The Tiger armed reconnaissance and attack helicopter received lots of attention at Eurosatory 2006, marking the completion of one armament programs (Australia) and the beginning of at least two others (Germany and Spain). The Tiger is currently operational with the German and French forces. The helicopter was designed from the start to address the specific requirements of two nations, but since Australia and Spain decided to procure the helicopter, things are changing dramatically, primarily with the helicopter’s armament suite.

The German Tiger was designed as an integrated weapon system, optimized as a tank killer and able to rapidly engage multiple tanks at a range of 6 kilometers from safe, concealed positions. To provide these capabilities the helicopter was equipped with a mast-mounted sight and eight PARS-3 (Trigat LR) missiles, which were originally being considered both by Germany and France. However, since France withdrew from the TRIGAT program, the Germans also reconsidered their choice and began to look for alternatives. The Australians selected the Tiger for their new Armed Reconnaissance Helicopter (ARH) and opted to equip it with the Hellfire missile. The four years integration program was completed in June 2006 validating the integration of the M299 “smart launcher” and demonstrating the missile’s performance through six months of flight and firing tests, employing the weapon in both Lock On Before Launch (LOBL) and Lock On After Launch (LOAL) using self and remote designation. Lockheed Martin and MBDA are aggressively marketing the Hellfire as a possible solution for the French and Spanish Tigers, which might also mount the German PARS 3. Unlike Australia, which has already made its decision, the other countries are also consider a third candidate – the Israeli Spike ER.

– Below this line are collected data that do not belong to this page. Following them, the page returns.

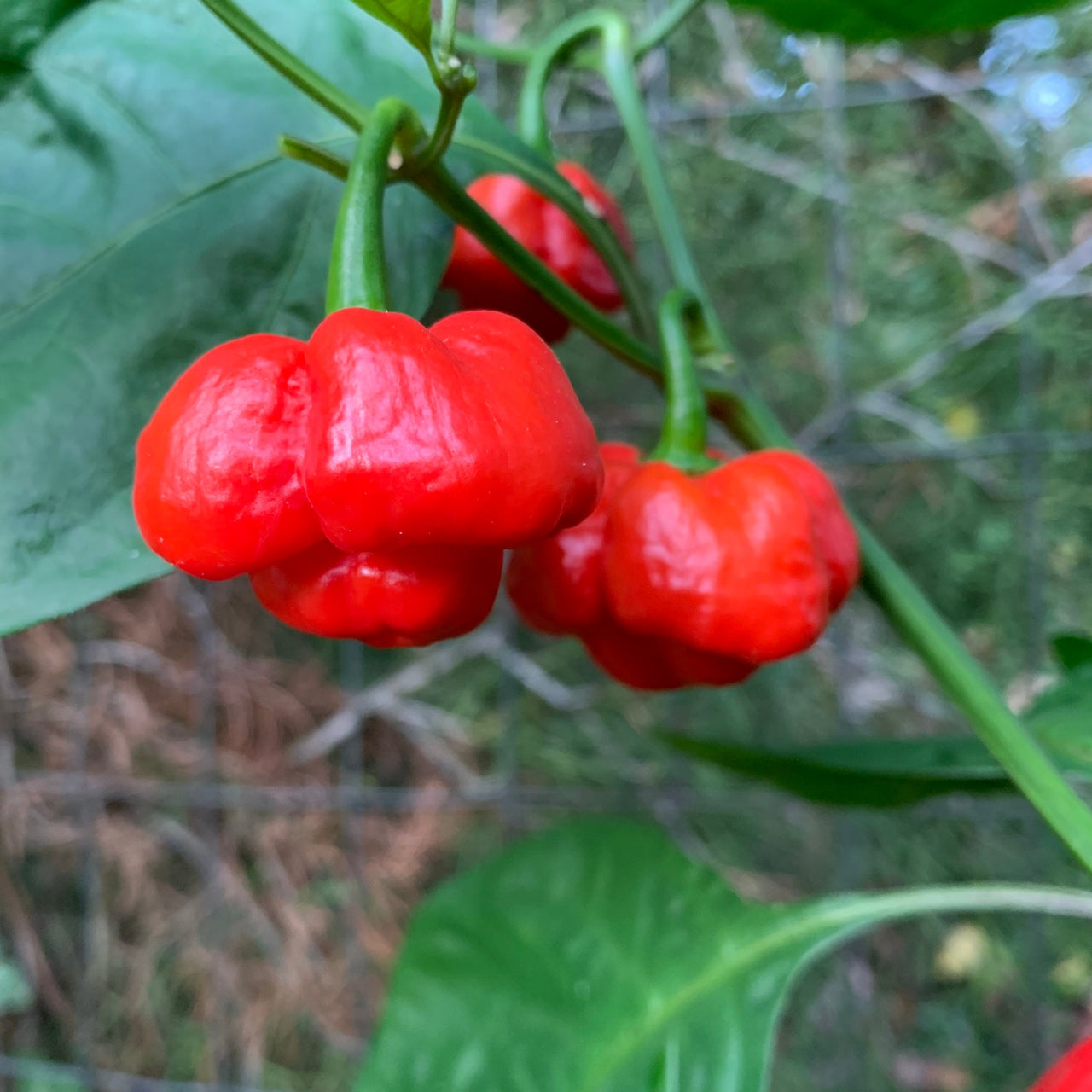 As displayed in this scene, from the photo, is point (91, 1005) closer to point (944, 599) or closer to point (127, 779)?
point (127, 779)

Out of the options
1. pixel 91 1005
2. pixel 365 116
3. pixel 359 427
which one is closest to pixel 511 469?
pixel 359 427

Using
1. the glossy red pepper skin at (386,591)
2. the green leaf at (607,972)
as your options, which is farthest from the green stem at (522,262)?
the green leaf at (607,972)

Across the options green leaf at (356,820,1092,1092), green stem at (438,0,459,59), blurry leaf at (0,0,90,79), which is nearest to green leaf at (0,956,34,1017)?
green leaf at (356,820,1092,1092)

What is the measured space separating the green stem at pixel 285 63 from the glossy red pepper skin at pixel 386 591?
142 mm

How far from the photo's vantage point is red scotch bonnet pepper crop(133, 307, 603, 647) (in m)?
0.23

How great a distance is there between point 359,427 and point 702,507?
0.17m

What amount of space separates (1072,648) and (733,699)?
0.48 m

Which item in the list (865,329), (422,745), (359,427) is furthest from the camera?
(422,745)

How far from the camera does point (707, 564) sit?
35 centimetres

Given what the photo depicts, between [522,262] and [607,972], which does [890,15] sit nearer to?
[522,262]

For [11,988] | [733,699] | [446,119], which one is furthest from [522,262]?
[11,988]

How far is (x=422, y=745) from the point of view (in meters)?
1.06

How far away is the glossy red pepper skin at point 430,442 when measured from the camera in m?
0.23

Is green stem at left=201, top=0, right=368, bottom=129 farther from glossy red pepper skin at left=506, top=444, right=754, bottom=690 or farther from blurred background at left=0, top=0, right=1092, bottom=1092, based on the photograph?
blurred background at left=0, top=0, right=1092, bottom=1092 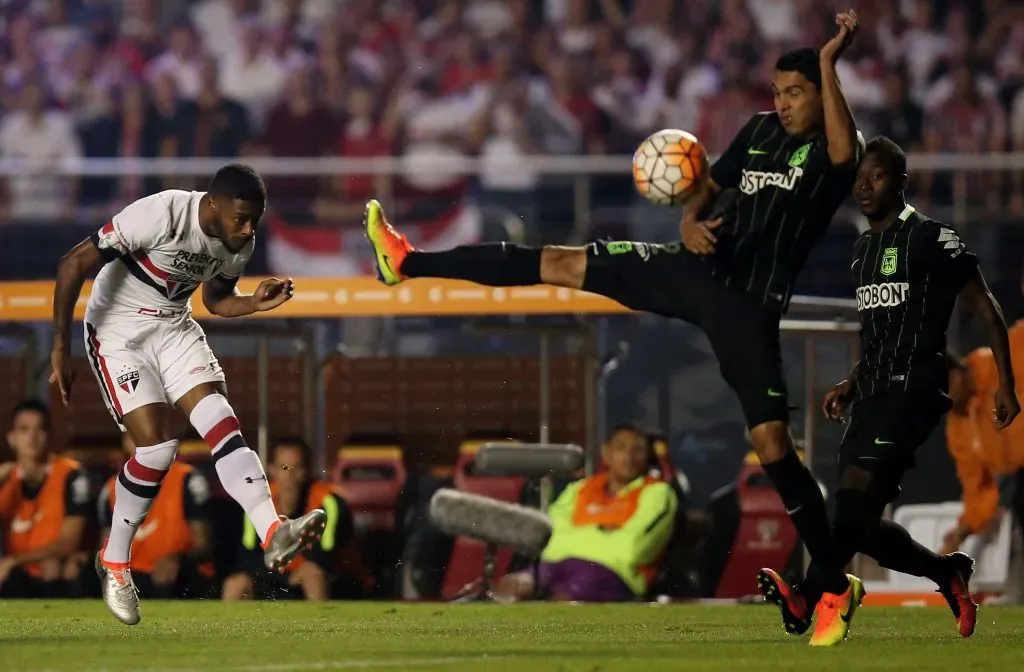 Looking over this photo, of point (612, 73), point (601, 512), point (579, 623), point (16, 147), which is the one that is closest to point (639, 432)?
point (601, 512)

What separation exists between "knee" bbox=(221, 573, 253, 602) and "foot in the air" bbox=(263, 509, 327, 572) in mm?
3135

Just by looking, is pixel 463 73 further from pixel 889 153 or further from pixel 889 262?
pixel 889 262

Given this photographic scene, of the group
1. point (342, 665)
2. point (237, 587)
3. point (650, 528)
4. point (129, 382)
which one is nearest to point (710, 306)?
point (342, 665)

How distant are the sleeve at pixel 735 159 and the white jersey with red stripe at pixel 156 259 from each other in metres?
2.07

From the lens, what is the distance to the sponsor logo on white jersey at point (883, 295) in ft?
23.4

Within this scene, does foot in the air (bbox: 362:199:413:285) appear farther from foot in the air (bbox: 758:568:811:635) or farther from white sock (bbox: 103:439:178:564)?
foot in the air (bbox: 758:568:811:635)

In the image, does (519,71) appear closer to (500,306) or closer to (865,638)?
(500,306)

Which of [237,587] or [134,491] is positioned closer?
[134,491]

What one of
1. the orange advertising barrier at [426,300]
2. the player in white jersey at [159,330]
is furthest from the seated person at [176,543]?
the player in white jersey at [159,330]

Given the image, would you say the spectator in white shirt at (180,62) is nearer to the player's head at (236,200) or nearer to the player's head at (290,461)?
the player's head at (290,461)

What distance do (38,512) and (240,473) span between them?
11.8 feet

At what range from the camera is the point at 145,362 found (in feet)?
A: 24.8

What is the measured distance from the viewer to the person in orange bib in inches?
408

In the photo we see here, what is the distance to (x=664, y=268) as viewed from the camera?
23.0 ft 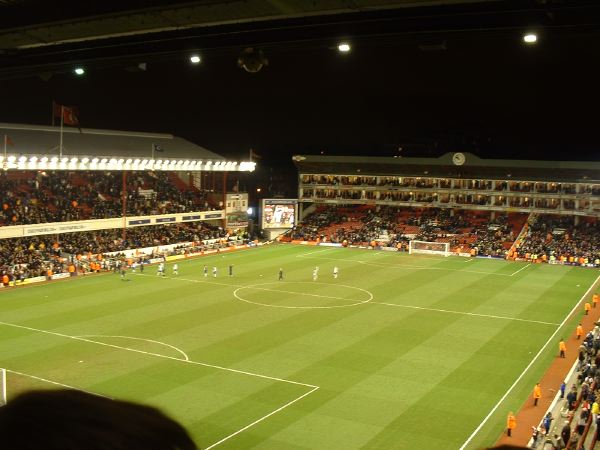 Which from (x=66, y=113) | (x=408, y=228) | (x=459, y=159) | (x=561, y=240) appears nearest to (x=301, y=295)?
(x=66, y=113)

RAFAEL has been promoting the Spike ER missile for helicopters for some time. The missile is already operational with the Israeli Army and has been integrated with the Romanian Puma multi-mission helicopter. Turkey is also believed to be interested in the missile. The first evidence that the Spike ER option is real was demonstrated at Eurosatory 2006 show, when Eurocopter presented the Spike ER on the Tiger. However, shortly after, the EADS’ subsidiary hastily replaced the missile with their parent company’s PARS 3 LR launcher pod. The Spike-ER missile has been cleared for use with the Tiger attack helicopter following the successful conclusion of firing trials during which all four missiles launched hit their targets with remarkable precision. The pilot can launch a missile and immediately drop down out of sight of the target, but can still view the target through the missile’s fiber-optic guidance link. Spike ER has a range of 8 kilometers and is available in Anti-Tank (HEAT Tandem) or Blast Fragmentation warhead versions.